[python-committers] Re: Experimental isolated subinterpreters

7 May 2020

      Hi Mark,
Le jeu. 7 mai 2020 à 15:53, Mark Shannon <mark@hotpy.org> a écrit :
...
I say no. Why the sudden urgency?
My urgency was to be able to quickly see if per-interpreter GIL would
be doable for Python 3.9 or not. The answer is no: there is too much
work to be done to write a "correct" implementation. I'm talking about
fixing subinterpreters issues in the proper way, not the idea of a
special build.
...
I think that you are making too many assumptions about how
inter-interpreter communication is going to work, and about sharing of
objects.
I'm not sure what you mean here. My changes rely on the assumption
that objects are not shared between two interpreters.
I didn't work at all on the inter-interpreter communication.
...
On 06/05/2020 6:49 pm, Victor Stinner wrote:
...
It's a practical solution to be able to experiment quickly
per-interpreter GIL without having to fix all issues at once. For
example, it disables Unicode interned strings which is unsafe with
multiple interpreters running in parallel.
If the interning is done on a per-interpreter basis, then it is safe.
Sure. My idea was to quickly lists area of the code that should be
reworked to be "compatible" with subinterpreters. As I wrote, the long
term plan is to fix these issues. For example, I made small integer
singletons per interpreter. The idea would be the same for interned
strings.
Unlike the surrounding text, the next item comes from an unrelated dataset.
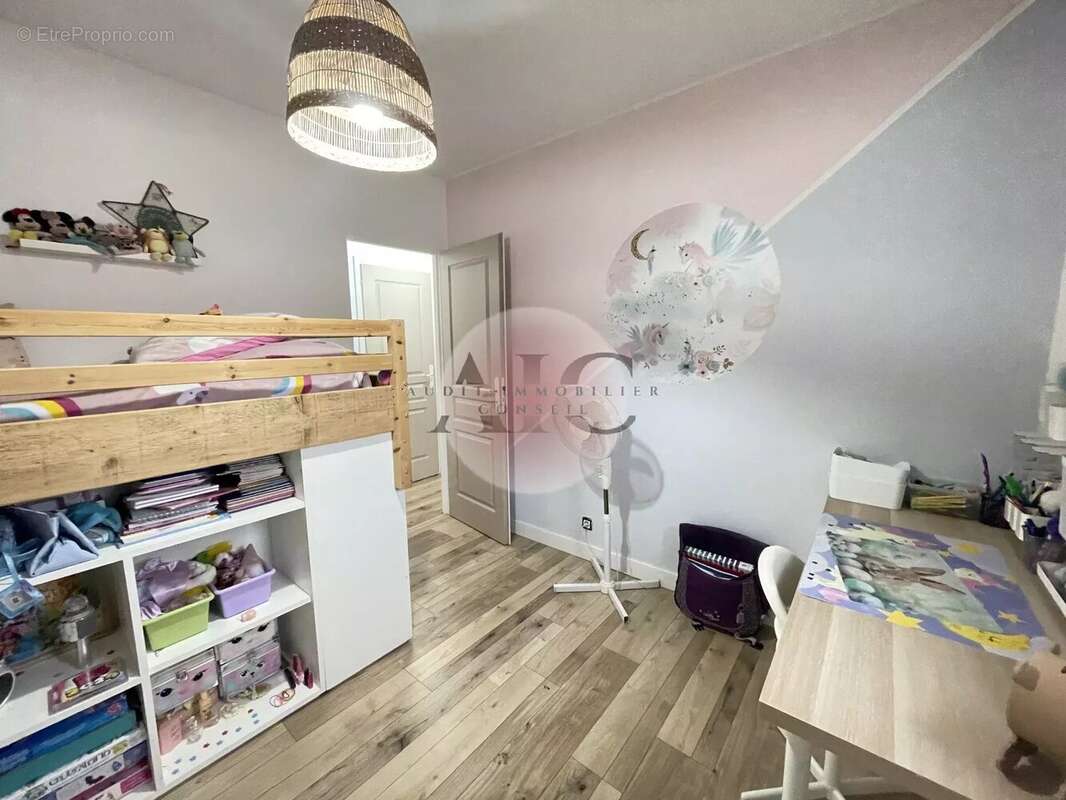 Maison à TOURRETTES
It's not hard to do it, but I didn't want to make this change
right now, we are now close to the 3.9 release.
I think that I will remove my changes from the future 3.9 branch and
only keep them in the master branch, to clarify that 3.9 is now out of
the scope.
...
...
I added this #ifdef to encourage other core developers work on this
project, and let early adopters test this experimental feature to give
us their feedback.
You say this is to let other core developers work on this, but has
anyone actually asked for these changes?
I do want these changes as Eric Snow. And another core dev also asked
me how to contribute to this project.
Most of the past changes cleaned up Python internals. For example,
properly release resources at exit. It fix old issues about
Py_Initialize()/Py_Finalize() called multiple times when Python is
embedded. It's not only about subinterpreters. See for example:
https://bugs.python.org/issue1635741
...
...
Currently, the special build changes:

Per-interpreter GIL
Store the current Python thread state in a TLS
Disable dict, frame, tuple and list free list
Disable type method cache
Disable pymalloc: force usage of libc malloc
Disable the GC in subinterpreters
_xxsubinterpreters.run_string() releases the GIL

These changes are going to have such a large impact on robustness and
performance as to make any comparisons meaningless.
Oh sure, my benchmark on per-interpreter GIL was run on the same
Python binary where all these caches were disabled.
I'm aware that "regular" Python has all these caches. But I didn't
care of the absolute timing. I only wanted to check if subinterpreters
actually "scales" with the number of CPUs. My PoC benchmark says that
yes, it does. CPU-bound workaround is faster in subinterpreters than
using threads. It also shows that subinterpeters have basically the
same speed than multiprocessing, which is an interesting data point.
As I wrote in my email, they are only temporary changes using #ifdef,
but I plan to fix all these issues (make the code compatible with
subinterpreters).
...
...
Most changes are easy to write, but some other changes are non
trivial. For example, I modified _PyThreadState_GET() and
_PyThreadState_Swap() to use a Thread Local Storage (TLS) to get and
set the current Python thread state.
Does that mean you are going to remove all the PyThreadState *tstate
parameters that have been added lately?
I don't plan to make tstate implicit again soon. I like to see where
Python states are coming from in functions. But it's an open question.
...
Rather than sprinking #ifdefs everywhere, could you continue
consolidating all "global" objects into a single data structure?
Most of my work in 3.9 was to move things from _PyRuntimeState to
PyInterpreterState.
Moving global variables into these structures is the simple solution,
but I am trying to find a way to avoid declaring all structures in
PyInterpreterState.
#include "pycore_interp.h" includes conditional variables which
includes <windows.h> on Windows. It also includes tons of things,
since PyInterpreterState became quite large.
Maybe there is a way to have "per-interpreter" variables, something
similar to thread local storage (TLS). But I'm not sure how the API
would look alike.
Victor
Night gathers, and now my watch begins. It shall not end until my death.